§ **WORK REQUIRED**
Below are records; please write out exactly the lines from the first line through the line containing "METODOS DE ARADURA", with no pictures.

§ **SUPPLIED RECORDS**
▬▬▬▬▬▬▬▬▬▬

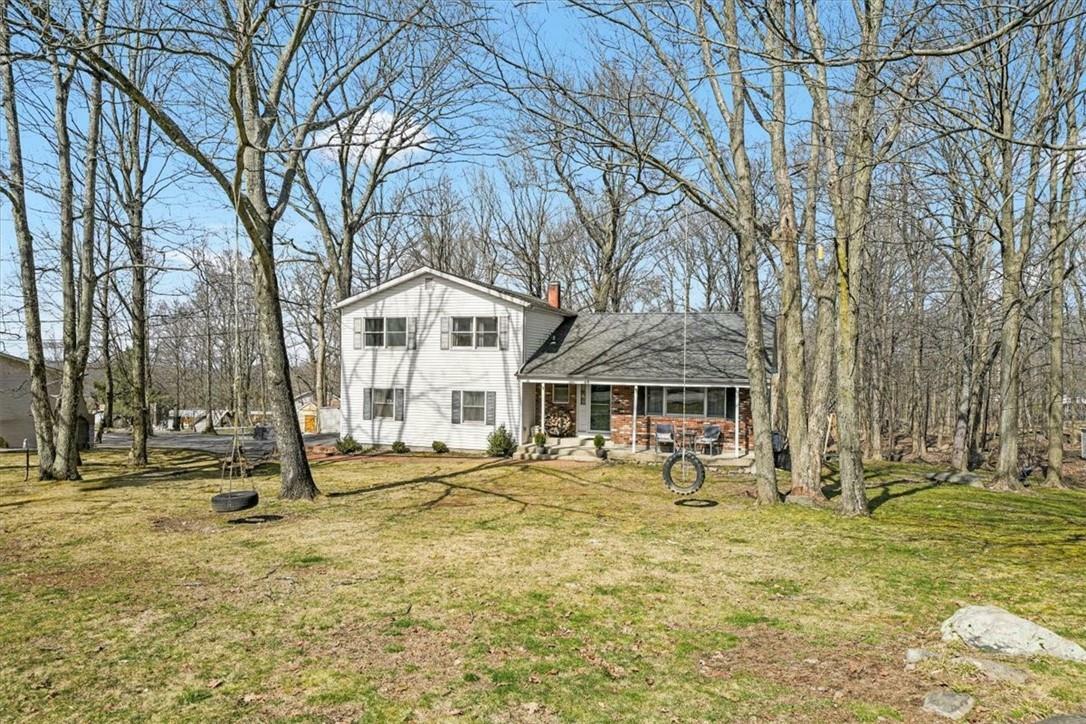 Property Photo:  45 Sylvia Lane  NY 10950 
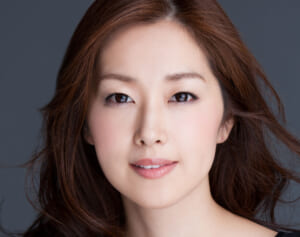 笛木優子　女優になるきっかけは『感情がパンク寸前』だった衝撃ドラマ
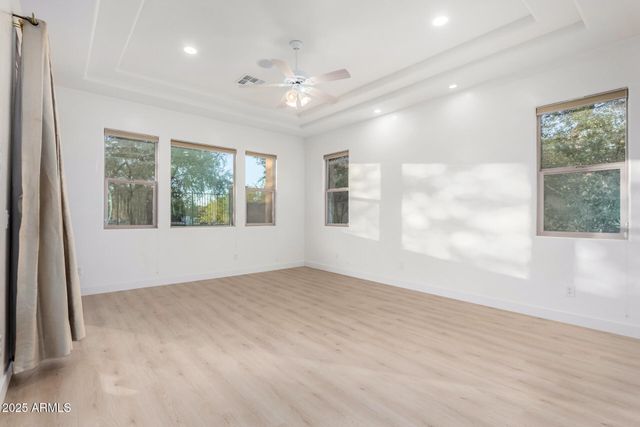 2668 S Stuart Avenue, Gilbert, AZ 85295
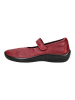 ARCOPEDICO Halbschuhe in Cherry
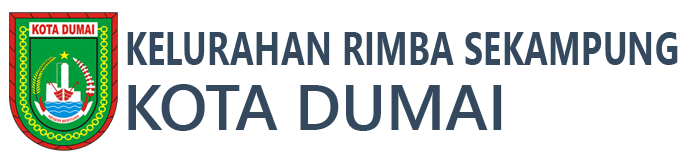 Kelurahan Rimba Sekampung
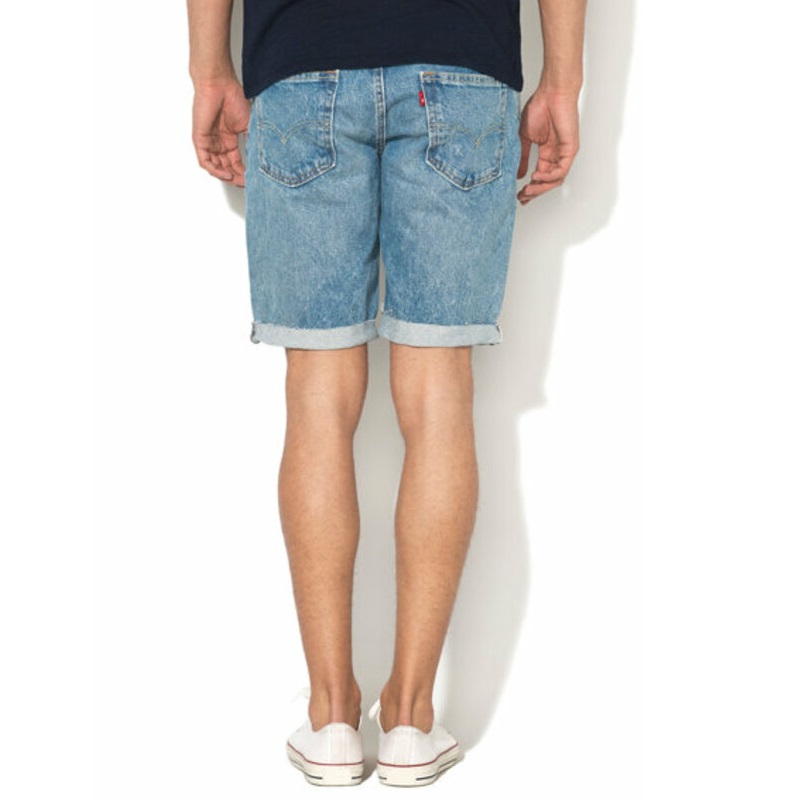 Levis Pánské Krátké kalhoty 511 Slim- Fit Shorts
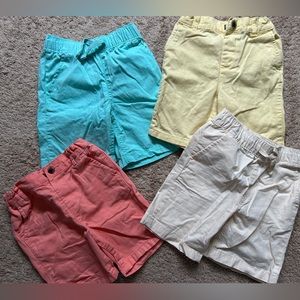 4T boys children’s place bundle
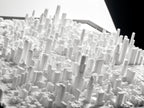 Chicago 3D City Model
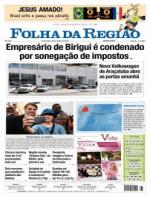Folha da Regio - 2019-06-28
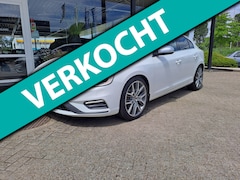 Volvo S60 - 3.0 T6 AWD Summum BIJZONDER MOOIE UITVOERING
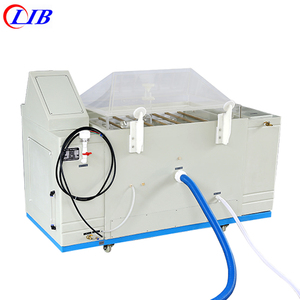 De fibra de vidrio de equipo de laboratorio mar de niebla salina de aerosol de sal máquina Universal de ensayos - Product Image 4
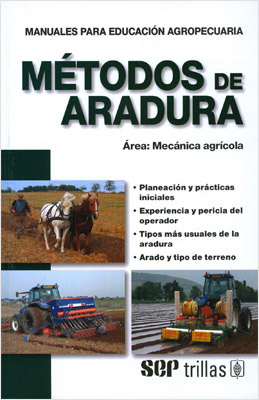 METODOS DE ARADURA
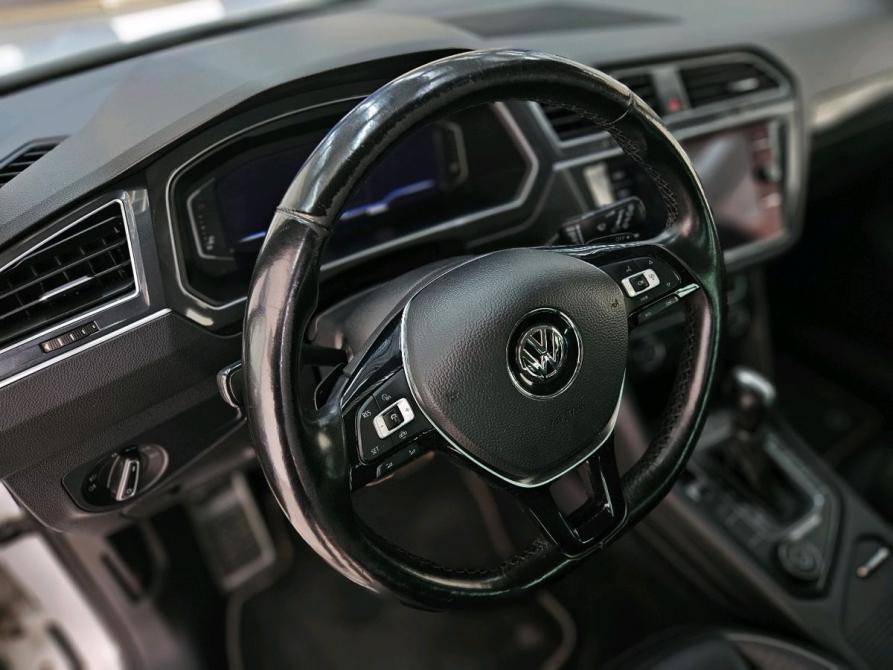 Volkswagen Tiguan II Нижний Новгород  - изображение 8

▬▬▬▬▬▬▬▬▬▬

§ **WRITTEN RESPONSE**
 Property Photo:  45 Sylvia Lane  NY 10950 
 笛木優子　女優になるきっかけは『感情がパンク寸前』だった衝撃ドラマ
 2668 S Stuart Avenue, Gilbert, AZ 85295
 ARCOPEDICO Halbschuhe in Cherry
 Kelurahan Rimba Sekampung
 Levis Pánské Krátké kalhoty 511 Slim- Fit Shorts
 4T boys children’s place bundle
 Chicago 3D City Model
Folha da Regio - 2019-06-28
 Volvo S60 - 3.0 T6 AWD Summum BIJZONDER MOOIE UITVOERING
 De fibra de vidrio de equipo de laboratorio mar de niebla salina de aerosol de sal máquina Universal de ensayos - Product Image 4
 METODOS DE ARADURA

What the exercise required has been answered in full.